Community Property Lottery Winnings in Arizona
In Arizona, all money acquired by either spouse during the course of the marriage – other than gifts and inherited property — is presumed to be community property in which each spouse has an interest. This community property rule continues in effect during a marriage even after separation, until a dissolution decree is entered. In the case of Lynch v. Lynch, 164 Ariz. 127, 791 P.2d 653 (1990), the Arizona Court of Appeals discussed possible exceptions to this general rule.
Facts of the Case: Dividing Lottery Winnings
Michael and Bonita Lynch married in 1968 and separated in 1985. When Michael began living with another woman, one Donna Williams, Bonita filed for dissolution. Michael did not answer the petition, and a default hearing took place on February 10, 1987. The trial court determined that the notice of the hearing to Michael had been improper, and it ordered a new hearing.
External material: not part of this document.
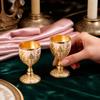 2Pcs Golden Finish Retro Decorative Goblet Travel Decor Ornaments  Indoor Tabletop Decor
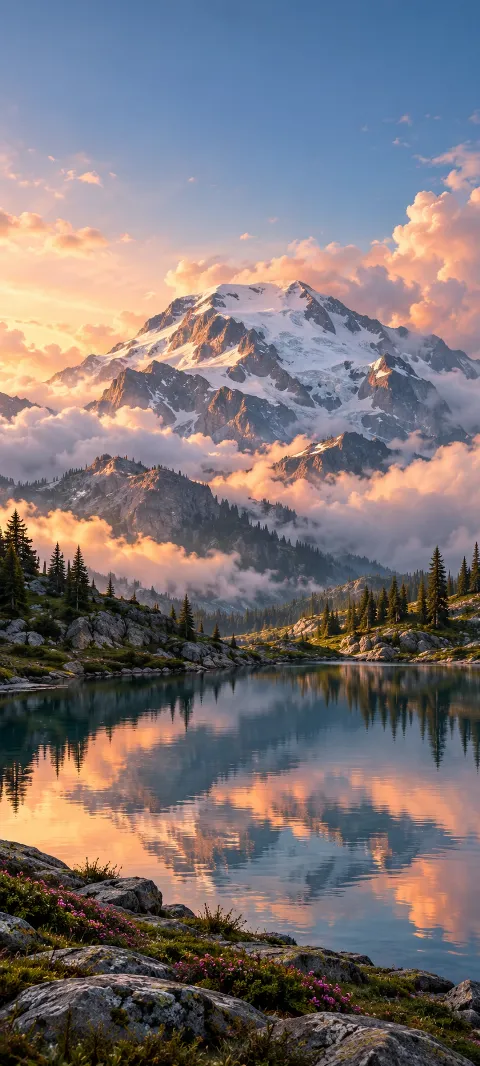 Clouds gather around a summit above a quiet lake.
Two days later, and before the new hearing, Michael and Donna Williams won the Arizona State Lottery, splitting the $2.2 million jackpot. Bonita filed an amended petition in the still-pending dissolution asking for half of Michael’s share. Michael answered, arguing that Bonita should not get a share. However, the trial court awarded Bonita half of Michael’s lottery share. Michael appealed.
Court Rejects “Will to Union” Concept
Michael tried to persuade the Court of Appeals that the marriage ended on the date of the first default hearing. First he claimed that a marital community lasts only as long as the parties’ “will to union” and that he and Bonita’s will to union ended by the time Bonita testified at the default hearing that the marriage was irretrievably broken.
In Arizona all property earned by either spouse during the life of a marriage, up until the final dissolution order is entered, is community property. Neither the couple’s separation nor the filing for dissolution severs the marriage or stops the accrual of community property until the decree of dissolution is entered. The phrase “will to union” comes from an Arizona case decision called In re Marriage of Fong, 121 Ariz. 298, 589 P.2d 1330 (App. 1978).
The Fong case presented a unique set of facts, involving a wife the husband thought, in good faith, to be dead, a wife whose falsehoods supported the husband’s misunderstanding, and a second marriage resulting in seven children. The Court of Appeals – seeking a justification for not awarding the deceptive wife half of the property accumulated over decades by the husband and his new wife — noted a Spanish community property law that any property acquired after the “union of wills” ceases may not be considered community property.
However, the Lynch Court of Appeals discussed Fong in depth and found that the reference was relevant to justifying an unequal but equitable division of community property, not to the time a couple stopped accumulating community property. It also noted that the equitable factors involved in Fong were not present in the Lynch case, and that the normal rules of community property division – that it should be divided equally between the spouses – should apply.
No Showing of Waiver of Lottery Winnings
Michael next argues that Bonita waived any interest in his earnings when she told the court on February 10 that the marriage was irretrievably broken. The Court of Appeals rejected this, noting that waiver is the “intentional relinquishment of a known right. Bonita only intended to waive any interest in Michael’s property after dissolution, not anything that he might acquire if the marriage lasted beyond its anticipated end.
No Showing of Estoppel for Lottery Winnings
Michael’s final argument is that Bonita cannot be allowed to claim any interest in his lottery winnings since he would have been divorced on February 10 if Bonita had given him appropriate notice. The Court also rejected this position. It noted that, though Bonita’s attorney did give Michael defective notice, nothing suggests that it was for tactical advantage. Nor did anything indicate that Michael bought the lottery ticket in reliance on his marriage ending on February 10. Rather, Michael had been playing the lottery every week for 20 years. Reliance is an essential part of the doctrine of estoppel and is wholly lacking in this case. The Court of Appeals affirmed the trial court’s award of half of Michael’s lottery winnings to Bonita.